Some organizations are building this themselves. It would be dismissive not to acknowledge that. Teams across the security and intelligence industry are investing in the right architectures, curating proprietary content, and building tools that aim to solve the same problems AskAnna was built to solve. The underlying technology is accessible, the patterns are well understood, and the demand is real. After all, we are all becoming builders in the age of AI.

But there's a meaningful difference between most current implementations and what a well-built retrieval-grounded system actually does. It comes down to where in the pipeline trust gets enforced.

Here's the non-technical version: most AI tools work like a very fast researcher. They retrieve relevant information, categorize and/or synthesize it, and sometimes fill gaps with what seems plausible. The result can be impressive. It can also be confidently wrong in ways that are very hard to spot at first glance (or even second), because the invented detail is woven into the real one.

A retrieval-layer approach is different. The corpus is curated before the model ever sees a query. The model can only draw on what's in that corpus so there's no reaching outside to fill gaps, no blending with training data, no "well I don't have this source but here's what seems plausible." When the corpus doesn't contain the answer, the output says so.
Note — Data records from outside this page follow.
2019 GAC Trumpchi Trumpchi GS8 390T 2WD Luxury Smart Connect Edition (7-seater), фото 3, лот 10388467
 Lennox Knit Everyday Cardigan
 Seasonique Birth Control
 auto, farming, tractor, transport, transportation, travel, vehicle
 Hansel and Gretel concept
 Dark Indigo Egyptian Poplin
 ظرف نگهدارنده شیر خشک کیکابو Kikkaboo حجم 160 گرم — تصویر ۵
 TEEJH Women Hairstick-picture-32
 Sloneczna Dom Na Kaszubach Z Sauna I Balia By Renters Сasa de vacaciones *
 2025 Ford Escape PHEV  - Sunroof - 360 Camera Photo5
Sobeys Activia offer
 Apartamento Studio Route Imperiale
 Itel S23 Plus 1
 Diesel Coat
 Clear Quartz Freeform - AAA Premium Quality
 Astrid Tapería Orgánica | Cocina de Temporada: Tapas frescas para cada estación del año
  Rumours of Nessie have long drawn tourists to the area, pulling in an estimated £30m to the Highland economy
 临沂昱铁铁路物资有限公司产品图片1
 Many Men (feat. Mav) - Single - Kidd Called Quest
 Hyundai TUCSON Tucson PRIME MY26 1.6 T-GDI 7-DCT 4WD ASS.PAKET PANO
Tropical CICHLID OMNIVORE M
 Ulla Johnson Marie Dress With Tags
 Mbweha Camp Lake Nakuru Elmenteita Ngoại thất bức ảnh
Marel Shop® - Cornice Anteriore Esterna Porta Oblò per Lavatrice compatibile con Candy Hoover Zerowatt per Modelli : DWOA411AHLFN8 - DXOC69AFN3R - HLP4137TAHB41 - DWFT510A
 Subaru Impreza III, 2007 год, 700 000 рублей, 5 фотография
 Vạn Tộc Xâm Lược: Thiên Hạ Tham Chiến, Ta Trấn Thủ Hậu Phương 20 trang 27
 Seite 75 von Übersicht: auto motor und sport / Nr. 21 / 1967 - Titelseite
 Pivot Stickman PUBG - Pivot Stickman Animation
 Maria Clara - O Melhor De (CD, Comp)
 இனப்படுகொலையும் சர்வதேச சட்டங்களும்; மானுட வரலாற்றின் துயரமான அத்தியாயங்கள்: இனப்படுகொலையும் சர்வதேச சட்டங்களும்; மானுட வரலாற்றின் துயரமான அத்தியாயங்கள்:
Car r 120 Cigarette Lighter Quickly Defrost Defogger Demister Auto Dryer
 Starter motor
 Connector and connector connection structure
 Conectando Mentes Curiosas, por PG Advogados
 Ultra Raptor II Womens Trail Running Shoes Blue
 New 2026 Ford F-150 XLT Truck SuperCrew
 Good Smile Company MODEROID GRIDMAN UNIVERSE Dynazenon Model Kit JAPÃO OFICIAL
That's why AskAnna pushed back on the false premise question when every general model confirmed it. It was less about prompt instruction and more that the corpus was returning a picture that contradicted the user's claim, and the model was inherently constrained to that picture. You can't prompt-engineer your way to that behavior…you have to build it.

Can you improve a general model with careful prompting? Absolutely. I've spent plenty of time trying. The results are often better. But they're also inconsistent, and in intelligence, variable reliability is simply another form of unreliability. The data boundary is almost impossible to enforce through instruction alone and the model's training data is always there as a fallback to satisfy your request.

Building this properly requires decisions at the architecture level: what goes in the data lake, how the data is rated, how retrieval is constrained, and how the system behaves when information is incomplete.

We've done that work. Others are doing it too, but most of what's currently deployed is operating at the synthesis layer only. The distinction matters more than most people realize.

There's one more dimension I haven't seen discussed enough: voice and tone. AskAnna intentionally sounds like it was trained by intelligence professionals, because it was. The hedging language, the way uncertainty is framed, the analytical register, the instinct to distinguish between what is known and what is assessed. This comes from nearly two decades of Control Risks' analysts writing in a specific tradecraft voice, and that voice is embedded in the corpus. I've spent time trying to get general-purpose models to replicate it and I haven't been able to do it one-for-one. You can get close on individual outputs but it doesn’t sustain it across thousands of queries. It still drifts back toward the generic confidence of a model that learned to sound authoritative from the internet. The data lake gives AskAnna its analytical identity, not just its facts.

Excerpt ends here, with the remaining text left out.